The other part of Tree and Leaf is Tolkien’s allegory Leaf by Niggle.  It is, including even The Lord of the Rings, probably my favorite story by Tolkien, which seems strange considering that it is only twenty pages long.  That’s part of its appeal, though, and it is incredible that Tolkien told such a heartfelt – and poignant – tale in such few words.  This is allegory at its very best.  I highly recommend it to any person – whether they are a reader or not, whether they enjoy fantasy or not.  If you don’t do anything with the rest of your life, read this story.  Even if you’ve only got an hour left to live, it’s well worth the time.

The third section is Farmer Giles of Ham, which is a short story (maybe novella length) about a lowly farmer who becomes the hero of the land.  This is solid, traditional fairy tale work, and good reading for any Tolkien fan or lover of Grimm tales.

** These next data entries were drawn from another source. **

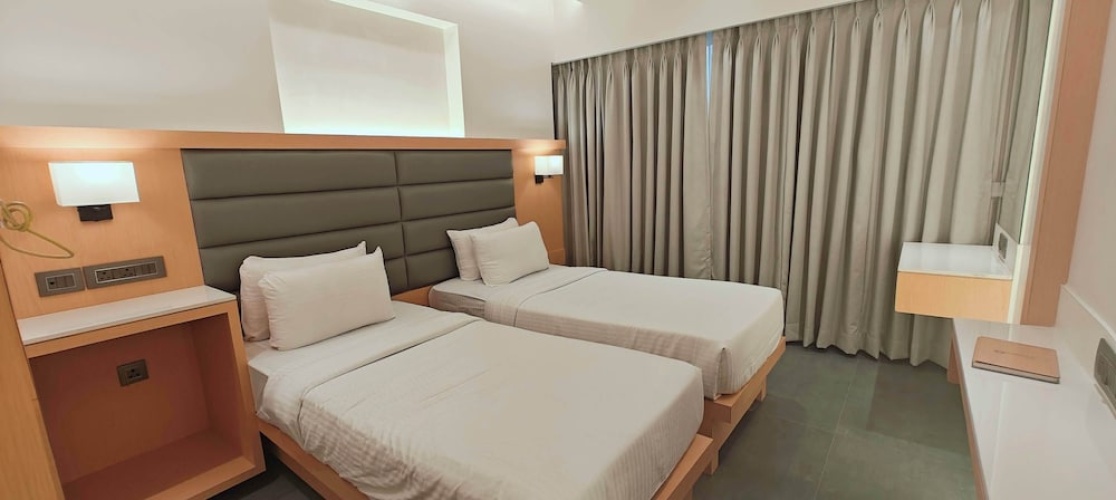 Executive Suite with mountain view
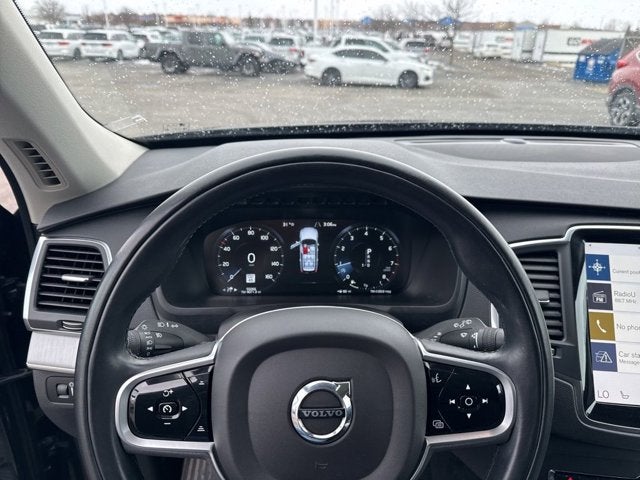 2022 Volvo XC90 T5 Momentum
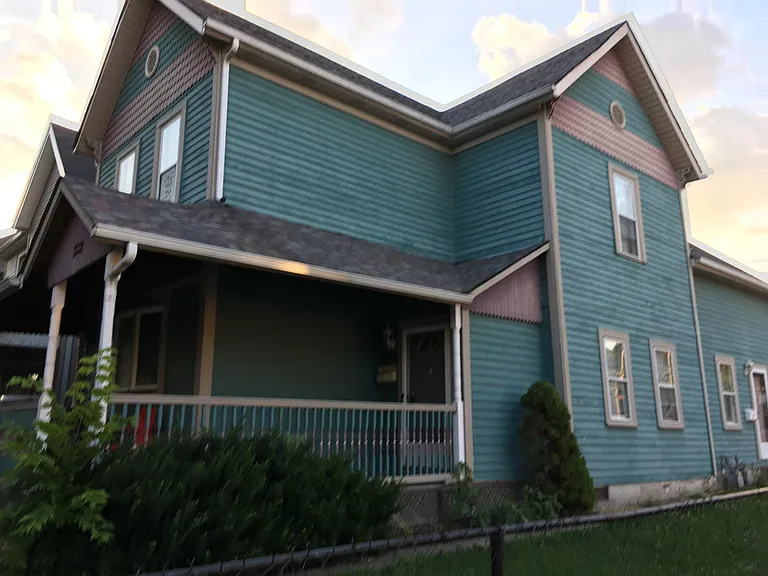 E Ohio St — Photo 20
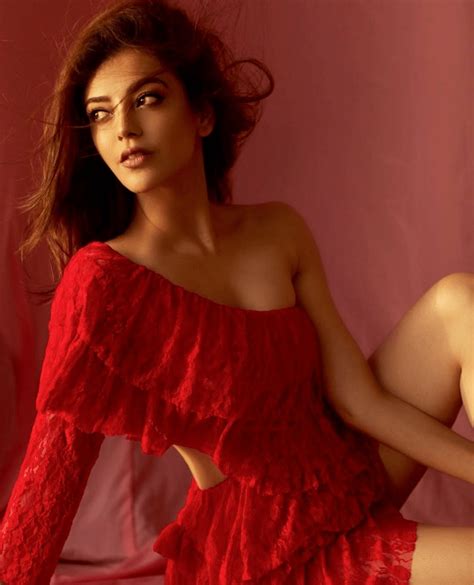 Actress Kajal Aggarwal Hot Photo Shoot Stills Social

The fourth section is where we dive back into the realm of Tolkien’s most famous world – that of Middle Earth – in The Adventures of Tom Bombadil.  Anyone who has read The Fellowship of the Ring will immediately recognize Bombadil, who is a quirky enough character to stick out in anyone’s mind.  This is a collection of poems, not all of which are about Bombadil.  For those not interested in poetry, this isn’t your cup of tea.  If you love reading whatever you can get your hands on concerning Middle Earth, however, this is definitely for you.  One area in which I’ve always felt Tolkien never received enough credit was in his poetry work.  He writes excellent, lyrical poetry.  Some of the additions here are lovely, bringing to mind the beauty of nature among other things straight from the realm of Faerie.

In summary, The Tolkien Reader will delight fans of Tolkien, while the drier and more studious portions are likely not what the average reader is willing to dig into.  If you take nothing else away from this, read Leaf by Niggle!